What the Court of Justice has effectively done is say that claims based, infringement claims based on foreign patents do not need to be stayed. They can proceed.
That’s not to say they will necessarily proceed. It is possible they will be stayed, but claims for foreign patents can proceed in the EU courts. It also explicitly recognized that that is not limited to patents for other EU countries. So on the one hand, if it’s a patent for an EU country, there is exclusive jurisdiction for the validity case to that country’s court.

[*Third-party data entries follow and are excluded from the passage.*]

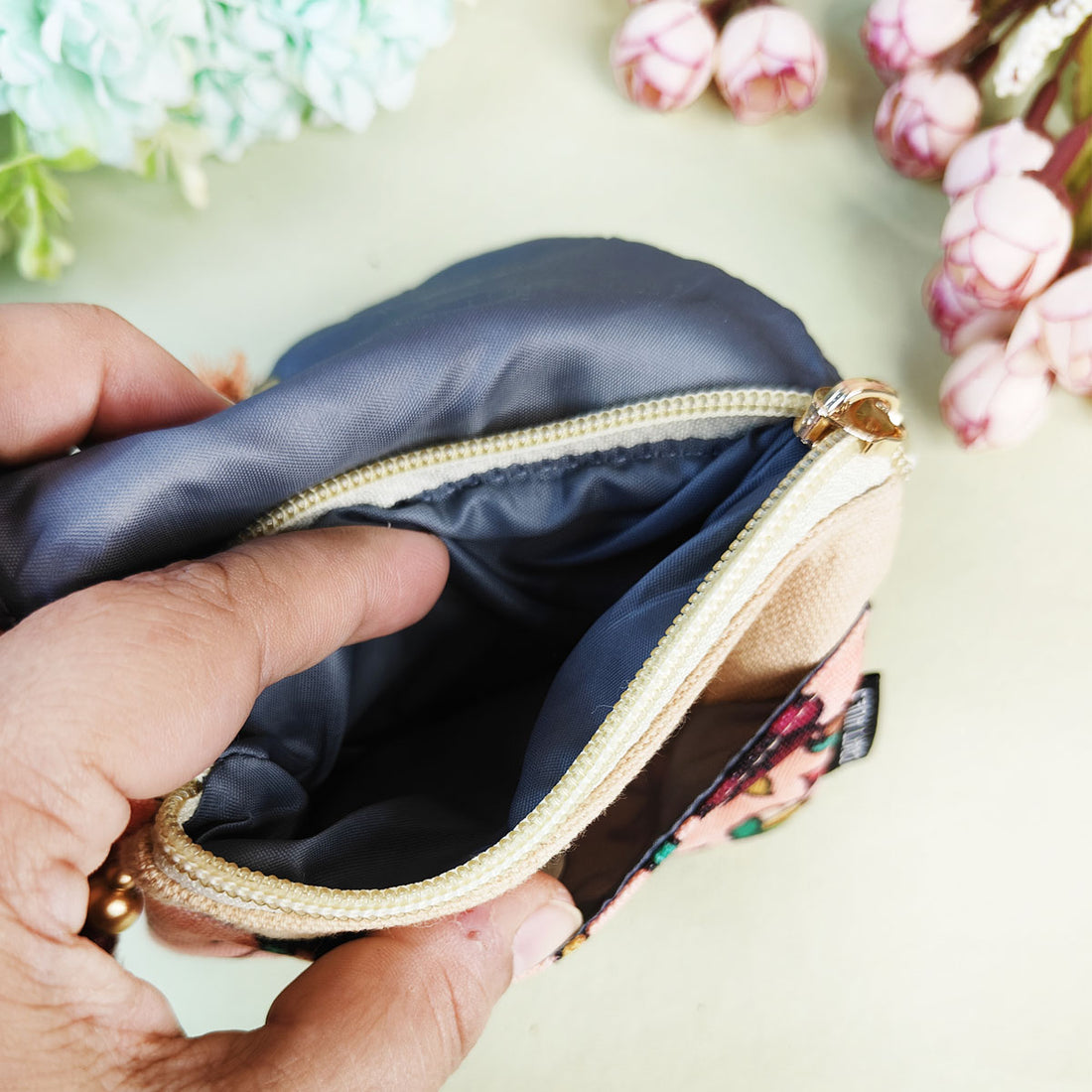 Mini Flap Wallet- Peach Maroon Bel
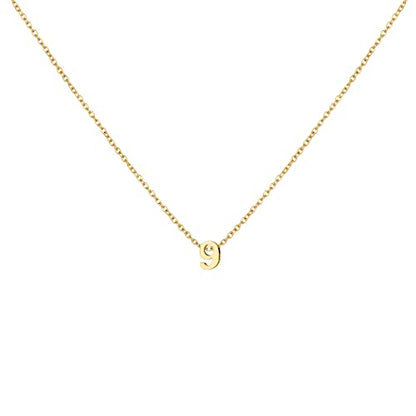 Number Necklace for Women Dainty 18K Gold Plated Pendant Necklace Charm Birth Month Personalized Jewelry Birthday Gift - color: GOLD, style: Number 9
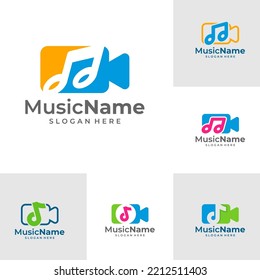 Juego de Ilustración del Icono del Vector con logotipo de cámara de música. Plantilla de diseño de logotipo de cámara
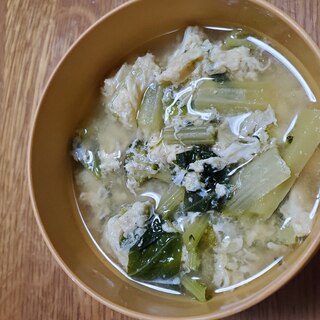 小松菜とブロッコリーの卵とじお味噌汁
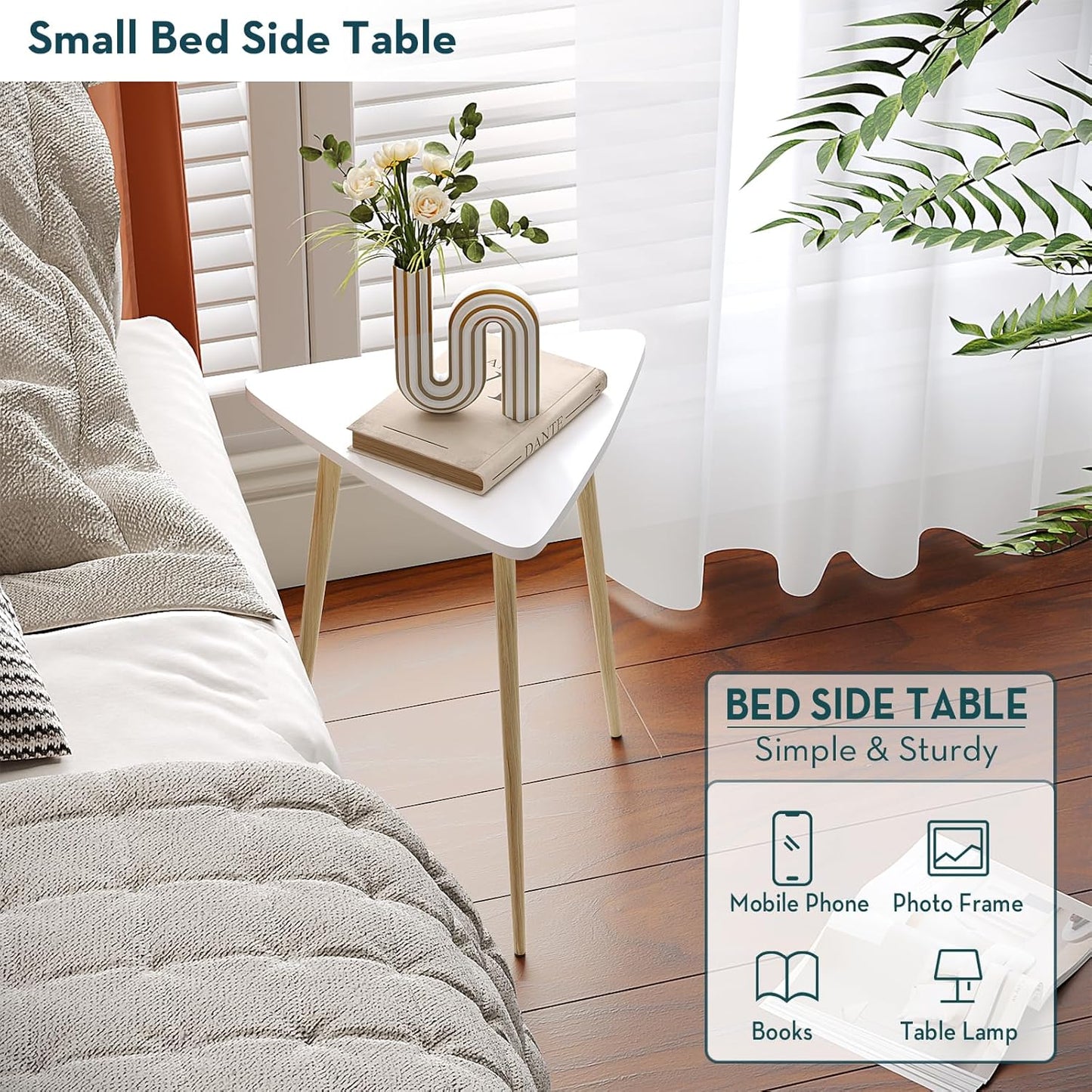 SAYGOER White Side Table Small Triangle End Tables Modern Narrow Sofa Table for Living Room Bedroom Small Space Unique Bedside Table,Medal Frame 13.5" W x 12.3" D x 17.7" H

If it’s a patent for a non-EU country, that doesn’t apply, and the court has effectively left more open what will happen there. But explicitly, both other EU countries’ patents and foreign patents from outside the EU can be asserted in an EU court and the court can accept that jurisdiction and proceed with the infringement claim.
[TESS WALDRON]
Yeah, so I always think about it as you’ve got like three concentric circles. So in the middle you’ve got the UPC states, and in terms of if revocation and invalidity there, that’s easy because the UPC can revoke them.
Outside that, you’ve got EU non-UPC states, and the UPC can’t revoke those patents because it doesn’t have jurisdiction to. And there’s a question after this decision about what it does with them, whether it can just assume they’re valid or invalid or if in fact it shouldn’t be making those sorts of determinations at all.
And then outside that, you’ve got all other patents, including EPC patents in places like Turkey and the UK, but also including like US and Chinese patents, and in respect to those patents, if you raise an invalidity defense, this judgment says the court can decide whether they’re valid or not as between the parties to the litigation. So no change to the register in those countries, so they’re not usurping anyone’s jurisdiction, but they are deciding the issue as between the claimant and the defendant in their court, which is quite a big change. So Julia, how has the UPC been dealing with this?
[JULIA SCHÖNBOHM]
Well, so let me put it that way there. We can see a development of the arm getting longer and longer and grabbing more and more jurisdictions. So the first two cases were related to the UK, so the first even issued before the BSH decision. So there, yeah, infringement of a UK patent was at issue.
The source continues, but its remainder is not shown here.